Yanni Sun | Colloquium Series | MSU Computer Science and Engineering

CSE Colloquium Series

Designing Filtering Strategies for Faster Protein and RNA Annotation

Yanni Sun

Thursday, April 17, 2008
9:45 a.m.-10:45 a.m.
3105 Engineering

Abstract

With the availability of sequenced genomes for multiple species, an urgent task today is to decipher the biological functions of these sequences. Annotating genomic sequence function helps us understand the genetic background of complex diseases and thus aids drug design. The state-of-the-art method for function annotation is to compare a query sequence against database of sequences with known functions. However, the high computational cost of comparison algorithms and the sheer amount of genomic data pose a great challenge for genome function analysis. For example, it takes several CPU months to compare a bacterial genome with a database of noncoding RNA sequence families.
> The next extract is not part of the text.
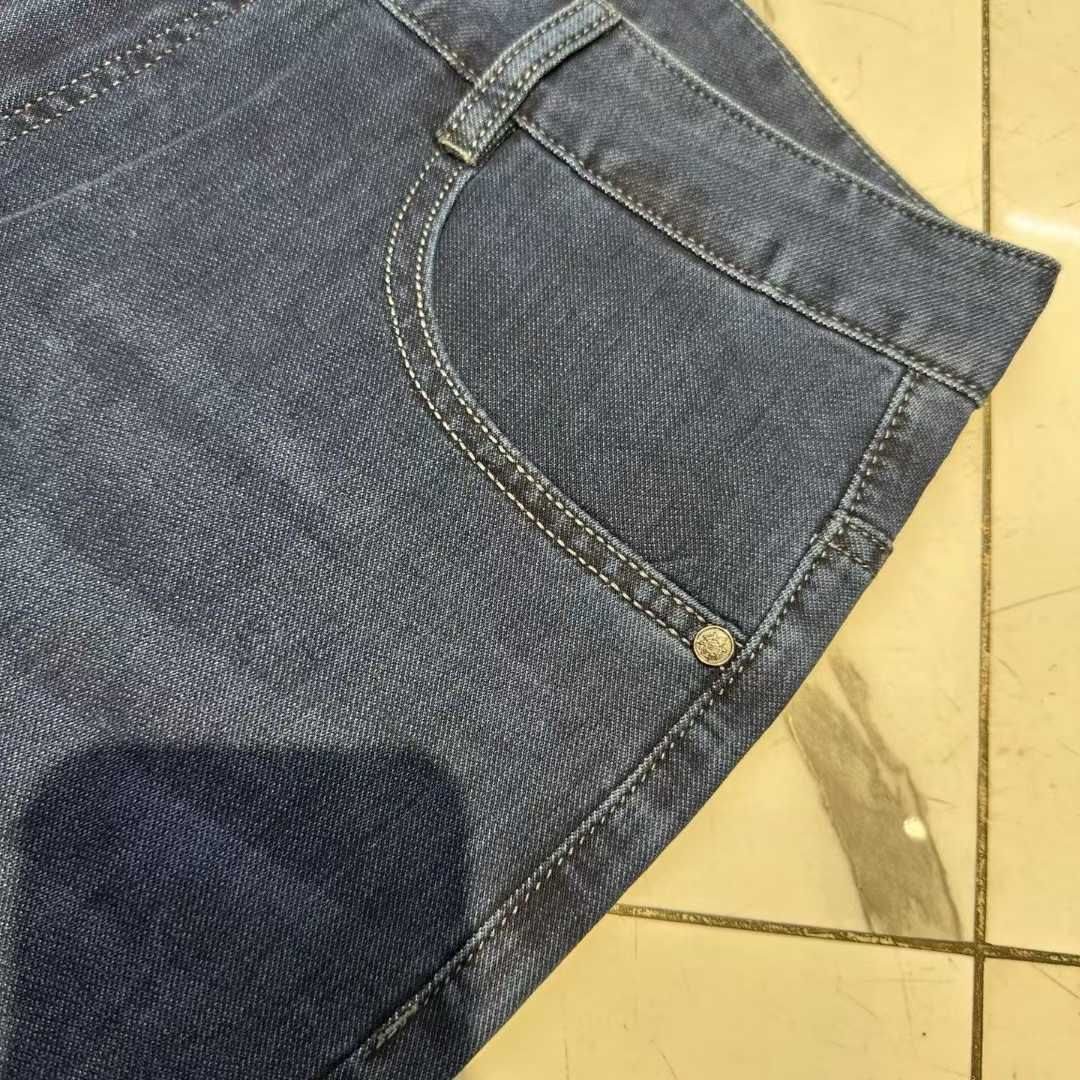 شلوار لی راسته کد 6001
In this talk, I will present systematic filter design methods for accelerating protein and noncoding RNA function annotation. A filter excludes a large portion of the database that is unlikely to be related to the query and hence comparisons are only conducted on regions with functional similarity. The computational challenge lies in designing filters with optimal tradeoff between sensitivity and specificity from a large design space. I will first present our filters based on regular expression patterns and weight matrices for protein annotation. Then, I will focus on designing secondary structure profiles to accelerate noncoding RNA annotation. Our experiments demonstrate that, by using our designed filters, a protein sequence annotation program based on profile hidden Markov model can obtain 20 to 35 times speedup and a noncoding RNA annotation program based on stochastic context-free grammar can obtain over 100 times speedup on average. I will conclude with an overview of my research interests and plan of future works.